Output everything in the data exactly, leaving the pictures out.

+++ Information

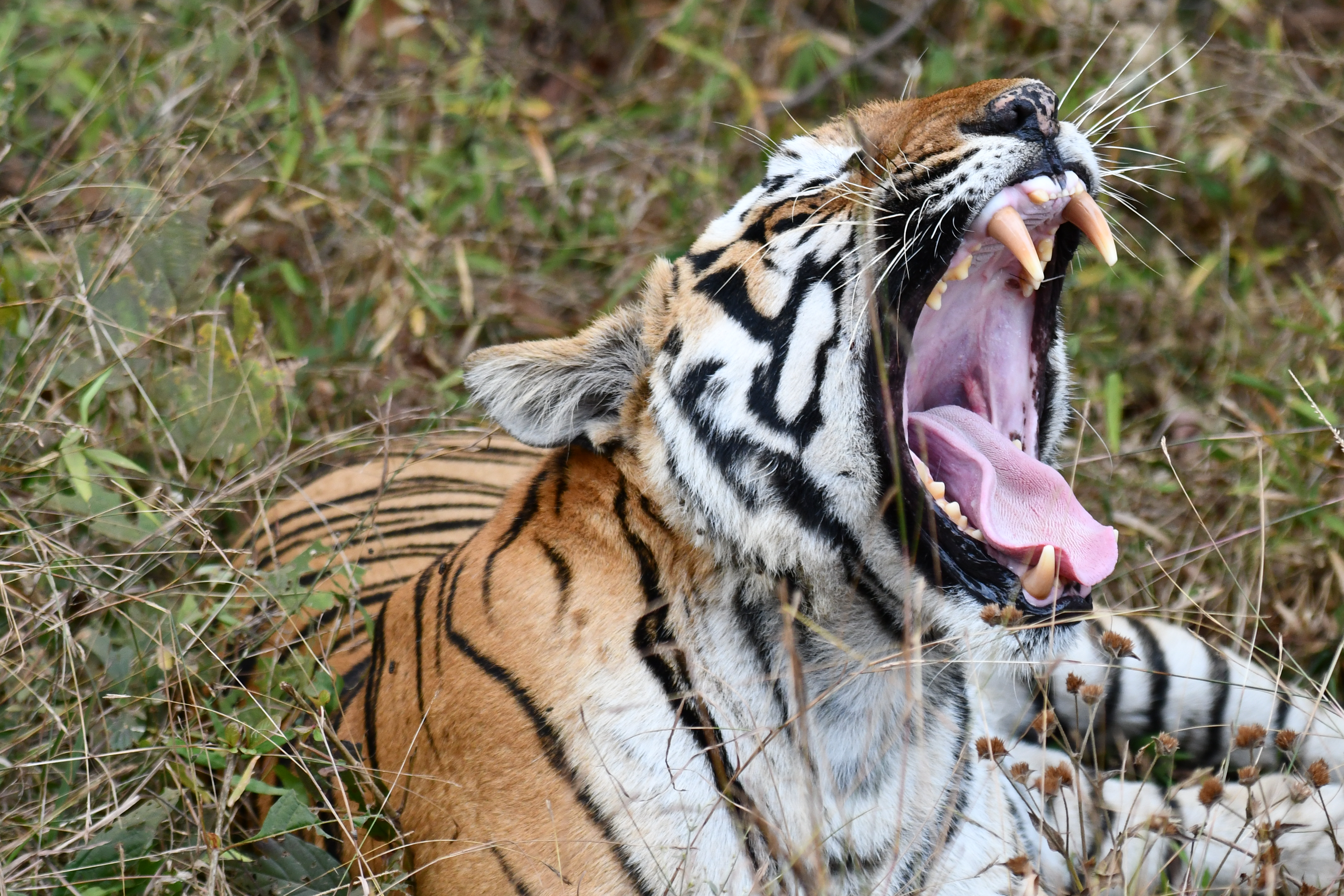 Wildlife Image 6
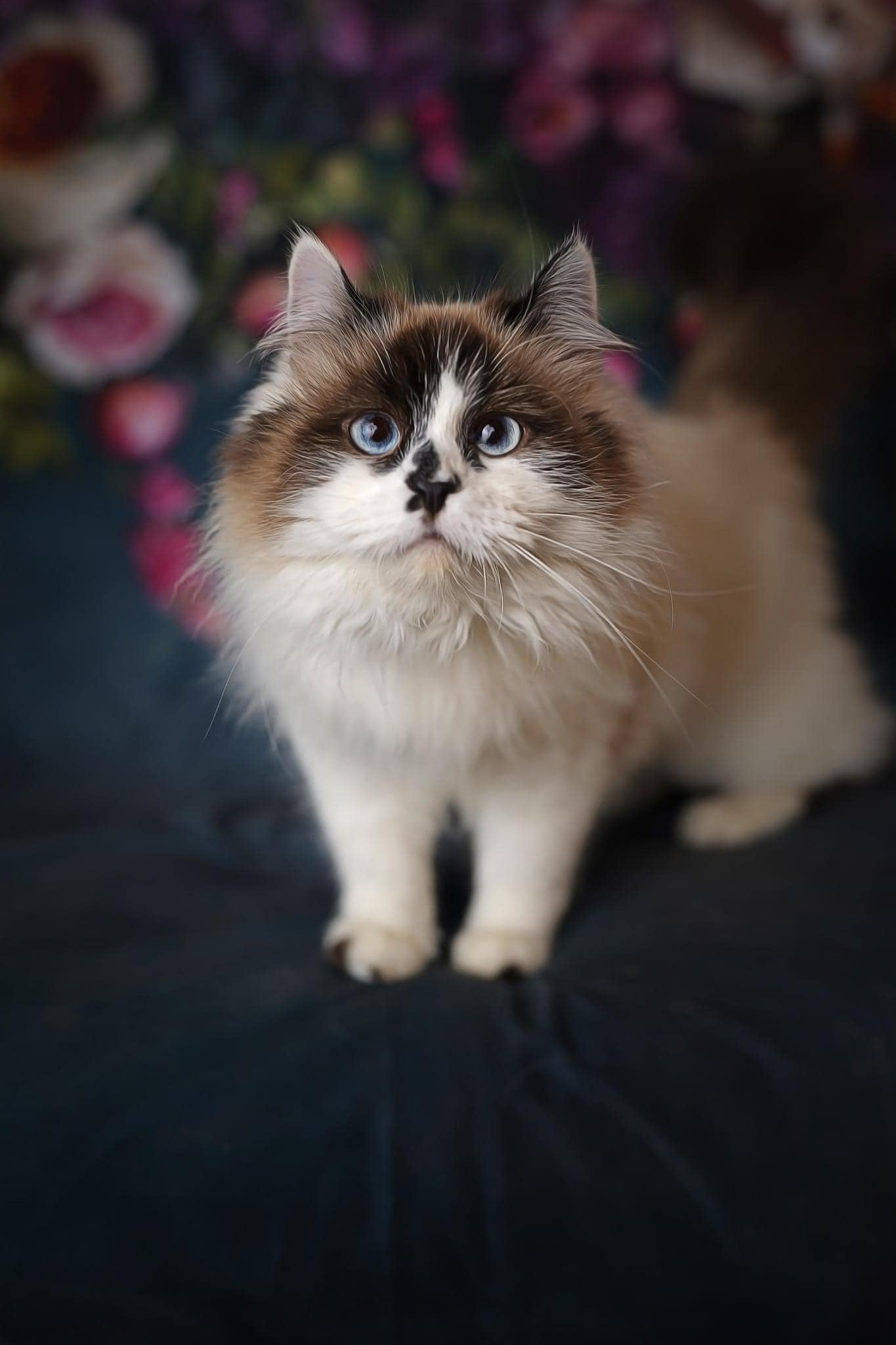 Kate Spring Fine Art Oil Painterly Floral Dark Teal Backdrop Designed by Mini MakeBelieve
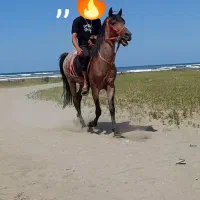 نریون کرد به رنگ سرخون|اسب و تجهیزات اسب‌سواری|رشت, گلباغ نماز|دیوار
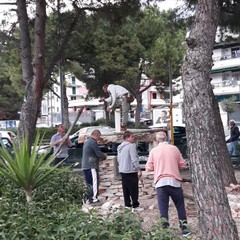 E' già tempo di Natale al piazzale Colasanto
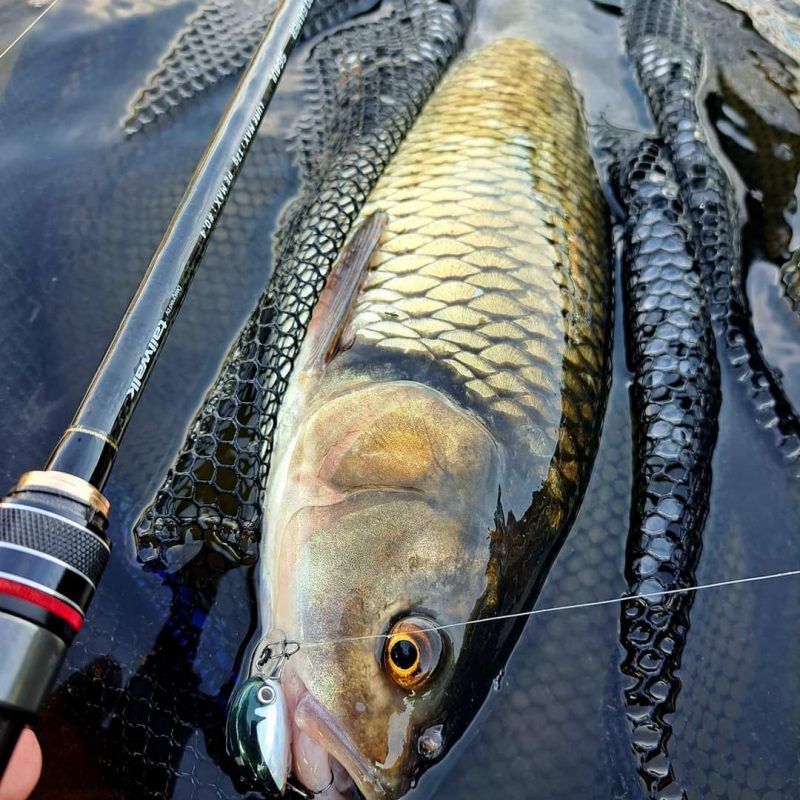 WhatsApp Image 2024-11-21 at 15.07.20 (1)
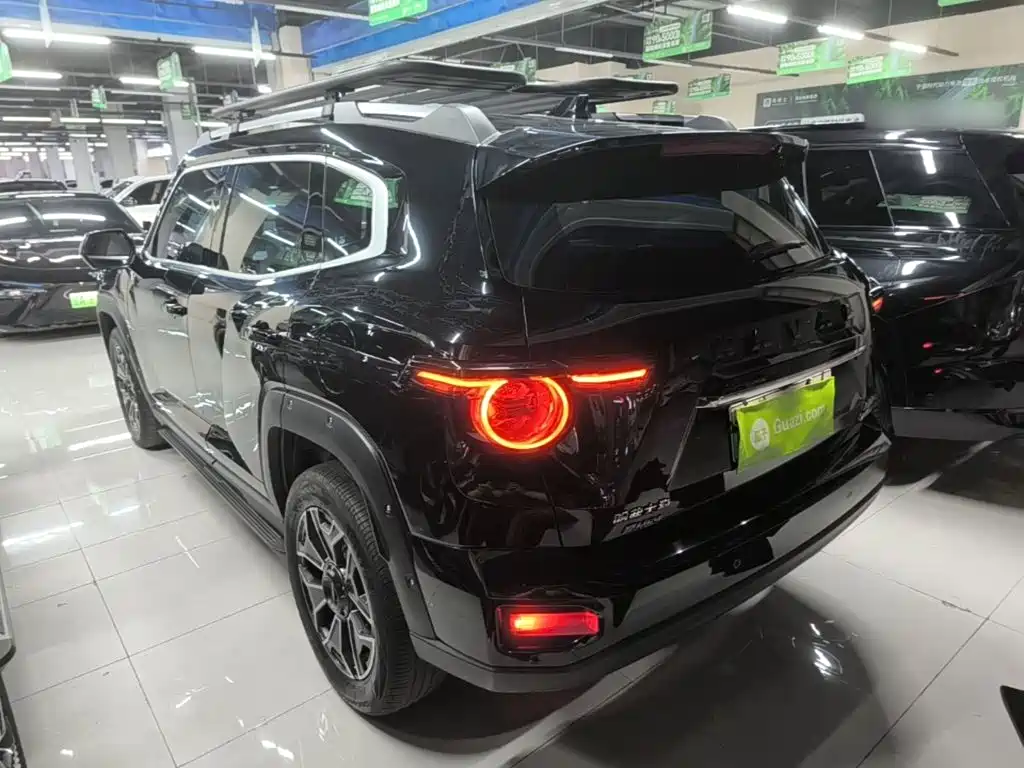 Haval Big Dog PLUS New Energy — миниатюра 5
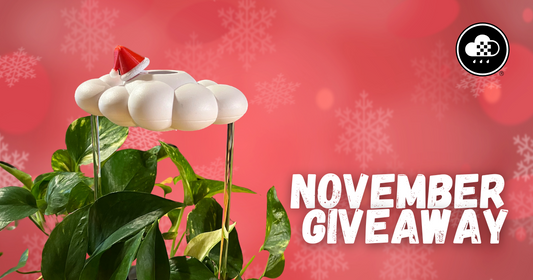 November Giveaway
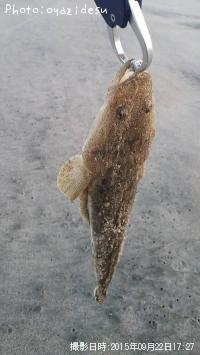 �ޥ���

++++++

▶ [Expected answer]
 Wildlife Image 6
 Kate Spring Fine Art Oil Painterly Floral Dark Teal Backdrop Designed by Mini MakeBelieve
 نریون کرد به رنگ سرخون|اسب و تجهیزات اسب‌سواری|رشت, گلباغ نماز|دیوار
 E' già tempo di Natale al piazzale Colasanto
 WhatsApp Image 2024-11-21 at 15.07.20 (1)
 Haval Big Dog PLUS New Energy — миниатюра 5
 November Giveaway
 �ޥ���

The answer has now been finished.